◆ TRY IT: Repeat the data as given. Images do not go in the copy.

◆ DATA TO PROCESS:
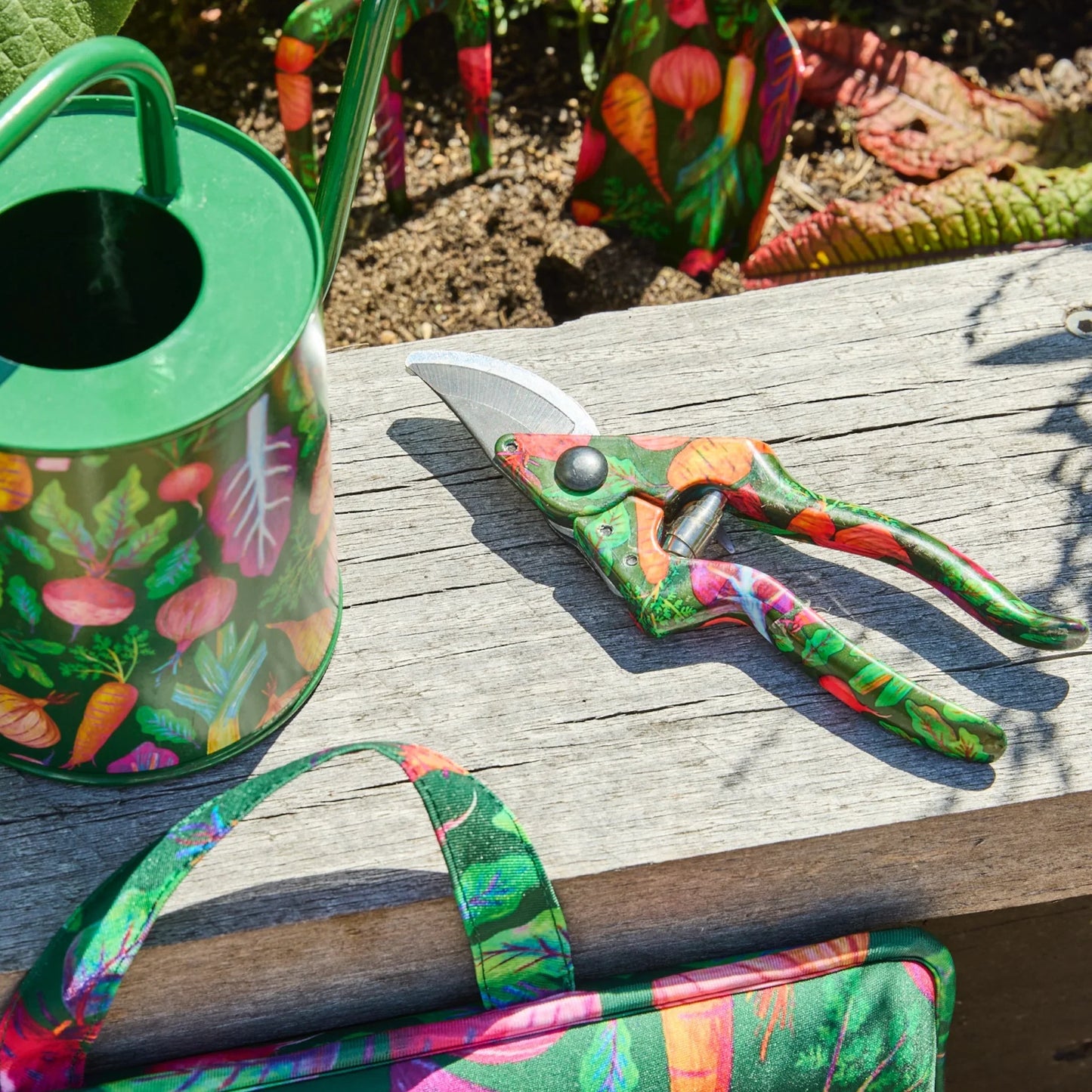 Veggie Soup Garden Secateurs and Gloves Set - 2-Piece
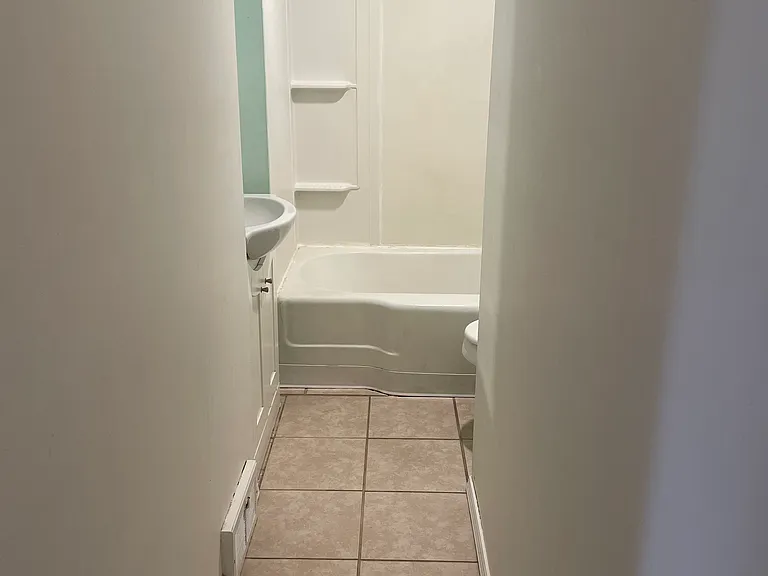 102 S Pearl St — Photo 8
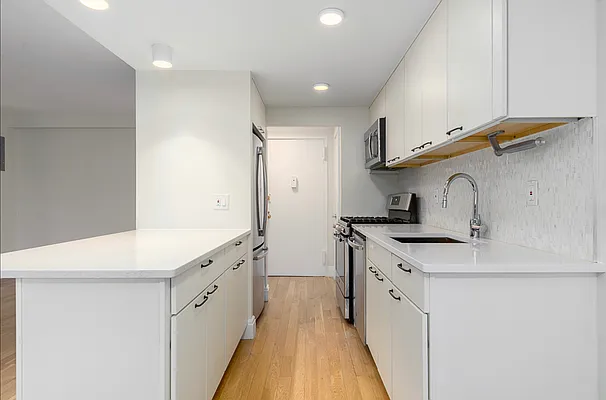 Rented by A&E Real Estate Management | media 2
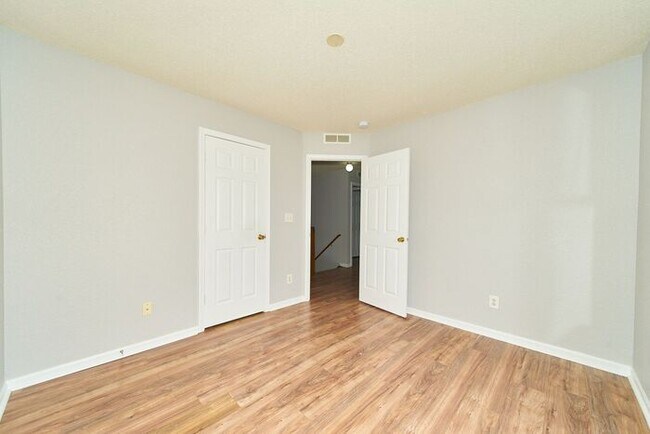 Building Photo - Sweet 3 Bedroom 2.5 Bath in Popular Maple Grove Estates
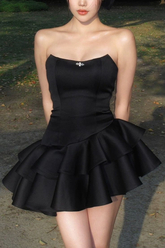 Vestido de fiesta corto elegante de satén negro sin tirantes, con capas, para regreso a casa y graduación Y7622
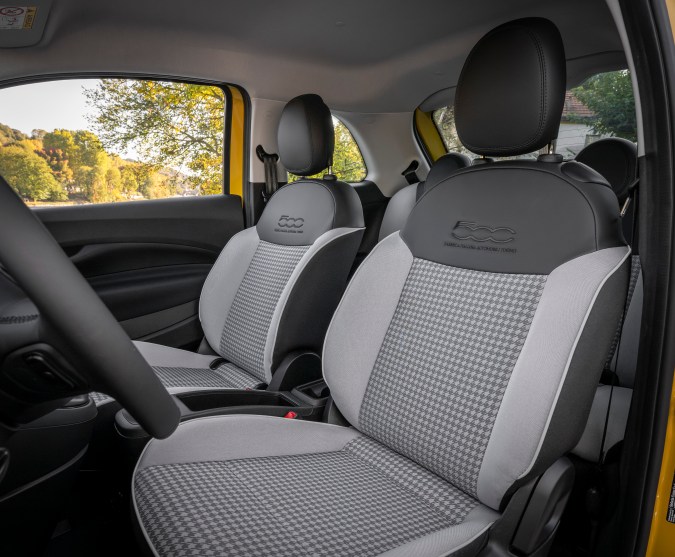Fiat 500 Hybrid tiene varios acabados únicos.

◆ WRITTEN SOLUTION:
 Veggie Soup Garden Secateurs and Gloves Set - 2-Piece
 102 S Pearl St — Photo 8
 Rented by A&E Real Estate Management | media 2
 Building Photo - Sweet 3 Bedroom 2.5 Bath in Popular Maple Grove Estates
 Vestido de fiesta corto elegante de satén negro sin tirantes, con capas, para regreso a casa y graduación Y7622
Fiat 500 Hybrid tiene varios acabados únicos.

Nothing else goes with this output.